Summary and Setup

Introduction

Web scraping is the process of extracting data from websites. Some data that is available on the web is presented in a format that makes it easier to collect and use it, for example in the form of downloadable comma-separated values (CSV) datasets that can then be imported in a spreadsheet or loaded into a data analysis script. Often, however, even though it is publicly available, data is not readily available for reuse. For example it can be contained in a PDF, or a table on a website, or spread across multiple web pages.

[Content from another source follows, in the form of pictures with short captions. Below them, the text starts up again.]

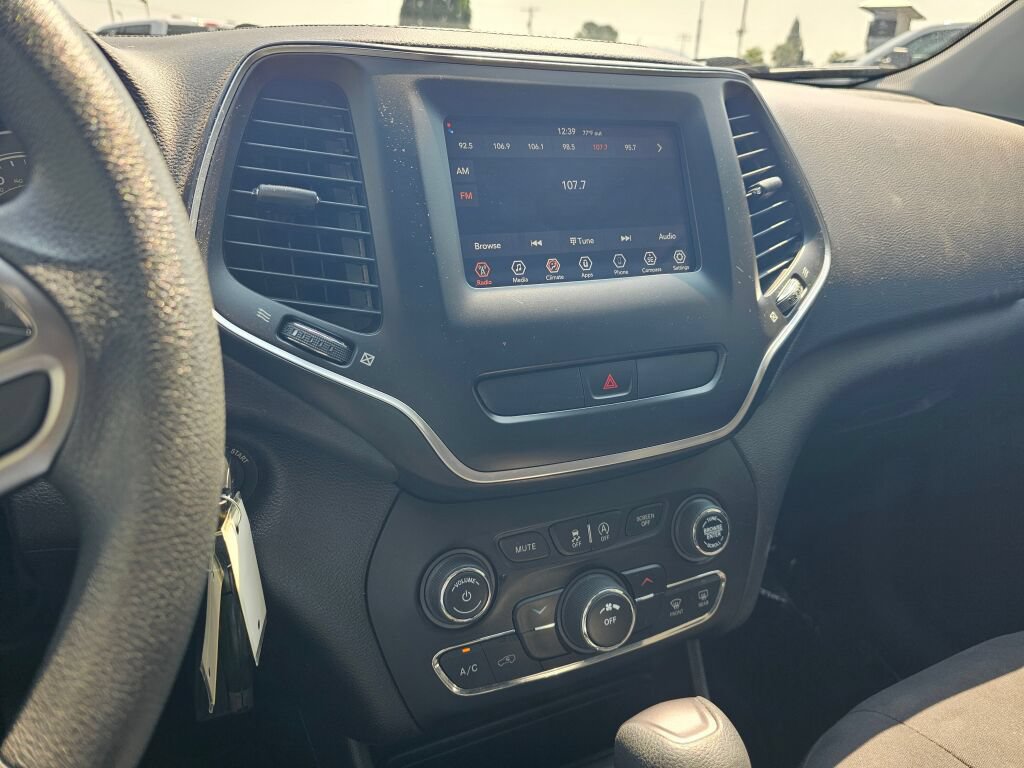 Used 2020 Jeep Cherokee Latitude AWD/4WD image 23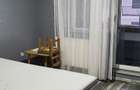 Apartament cu 3 camere in zona rezidentiala.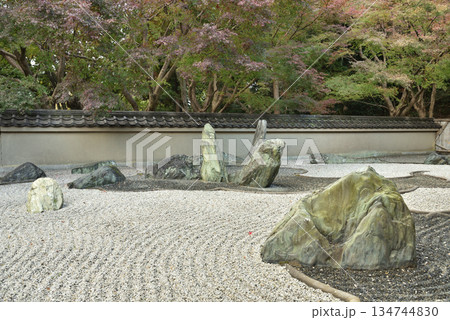 東福寺塔頭龍吟庵 西庭 龍の庭(京都市東山区) 東福寺塔頭龍吟庵 西庭 龍の庭(京都市東山区) 134744830
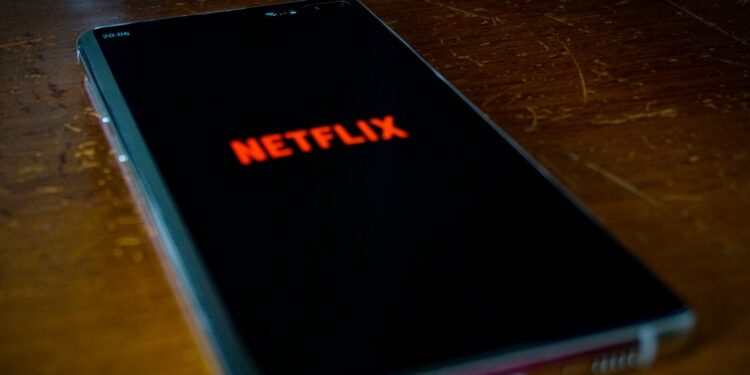 Netflix remove serviço de quem usava o celular para assistir séries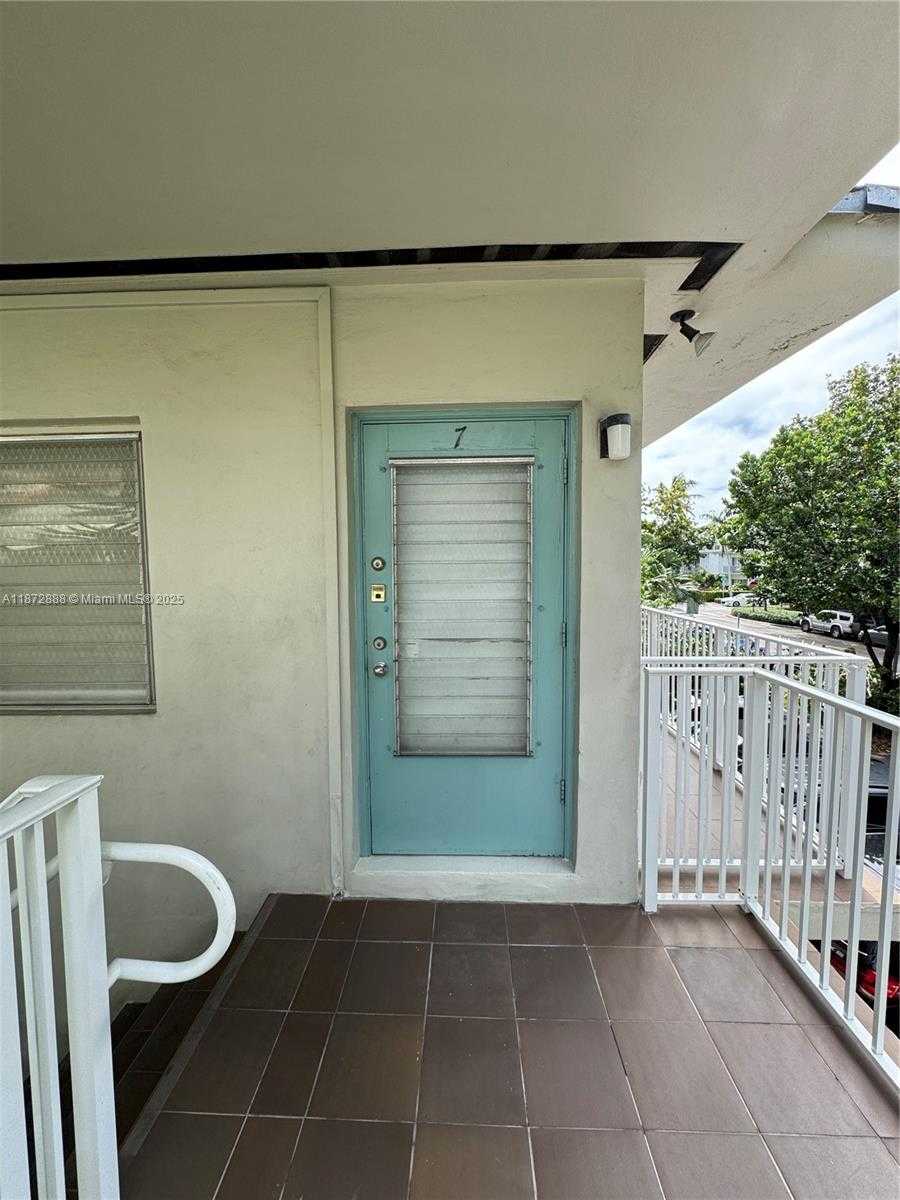 Small Image of 921 MERIDIAN AVE #7, Miami Beach Number 2
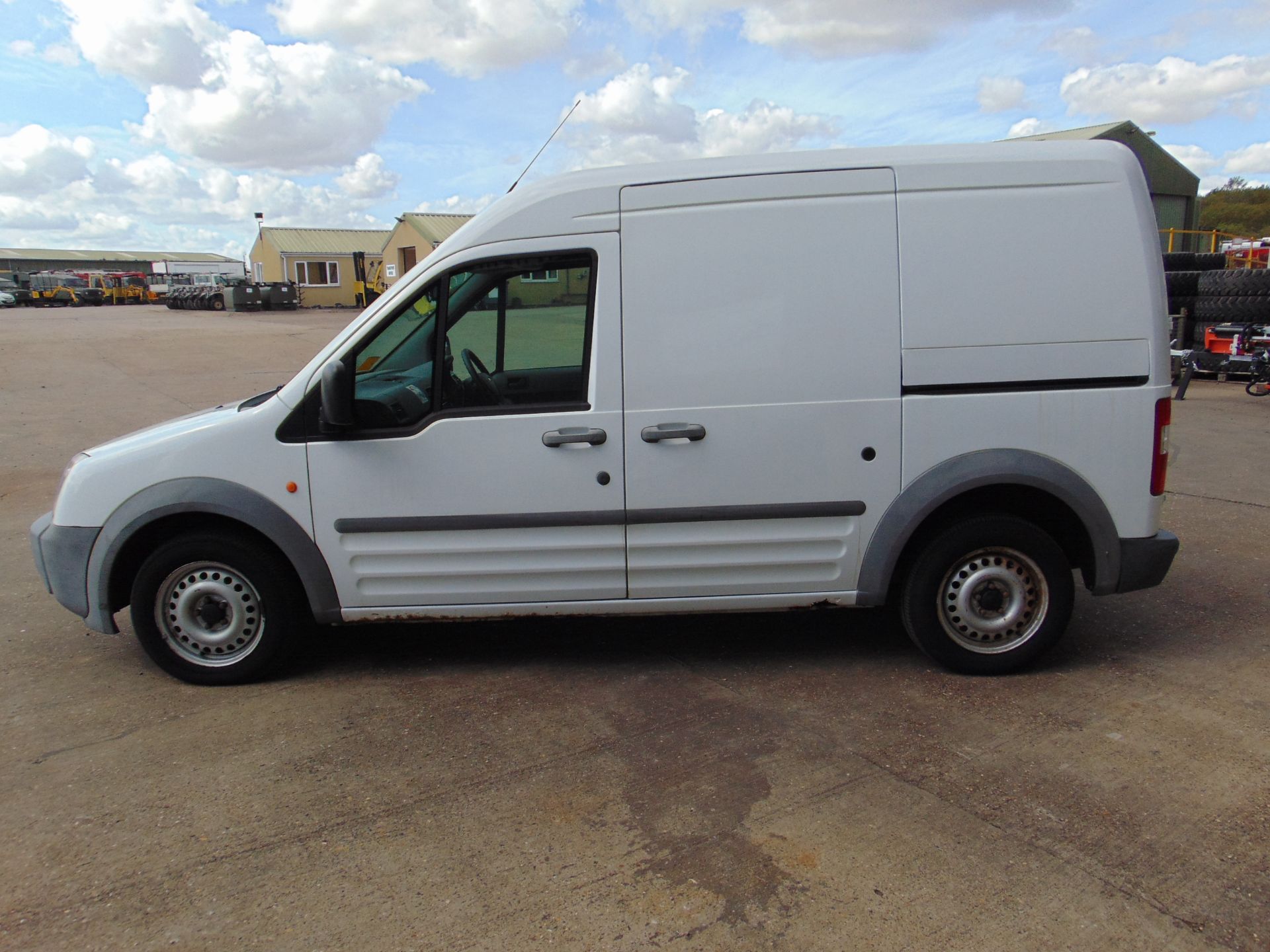 2007 Ford Transit Connect T230L Panel Van ONLY 57,737 MILES! - Image 5 of 28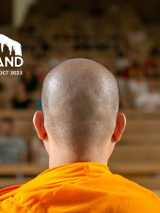 Baner promujący wydarzenie. Nazwa wydarzenia i data. Zdjęcie popiersia buddyjskiego mnicha od tyłu.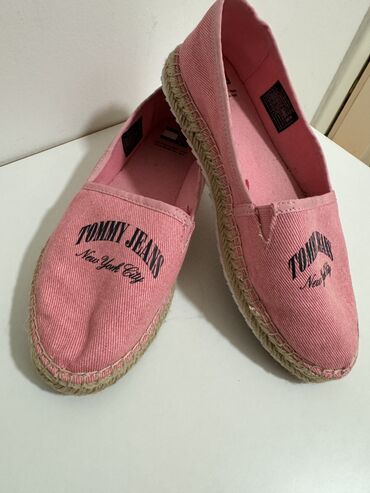 sivo odelo i braon cipele: Espadrile, Tommy Hilfiger, 38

There are a variety of ways to scrape a website to extract information for reuse. In its simplest form, this can be achieved by copying and pasting snippets from a web page, but this can be unpractical if there is a large amount of data to be extracted, or if it is spread over a large number of pages. Instead, specialized tools and techniques can be used to automate this process, by defining what sites to visit, what information to look for, and whether data extraction should stop once the end of a page has been reached, or whether to follow hyperlinks and repeat the process recursively. Automating web scraping also allows to define whether the process should be run at regular intervals and capture changes in the data.

This lesson gives an introduction to the structure of websites, introduces some tools to extract data from well-structured websites and discusses the legal and ethical implications of extracting and using that data.

Overview

Questions

What will be covered in this training?

Objectives

After attending this training, participants will be able to:

Understand the structure of a webpage and its underlying source code
Identify different methods of gathering data from a webpage
Use the Web Scraper browser extension to extract data from webpages
Assess the legal and ethical implications of using data gathered from a webpage

Prerequisite

This lesson does not assume any previous knowledge about web scraping
Participants should be able to use a web browser

Data

The sample html files and spreadsheets generated from the scraping exercises can be downloaded from Intro-to-web-scraping-data.zip.

License

This is a new lesson built with The Carpentries Workbench.

It is adapted from the UC Santa Barbara Library Introduction to Web Scraping Course under CC-BY 4.0.

Software Setup

Discussion

For this lesson, we will use a Chrome browser extension to get started with web scraping.

Please ensure you have a working copy of the Chrome browser.
Using Chrome, download and enable the Web Scraper extension by selecting the Install Chrome plugin button.
If the Web Scraper icon does not appear in the Chrome toolbar, select the Extensions icon (shown by the red arrow below) and then select Pin for the Web Scraper extension.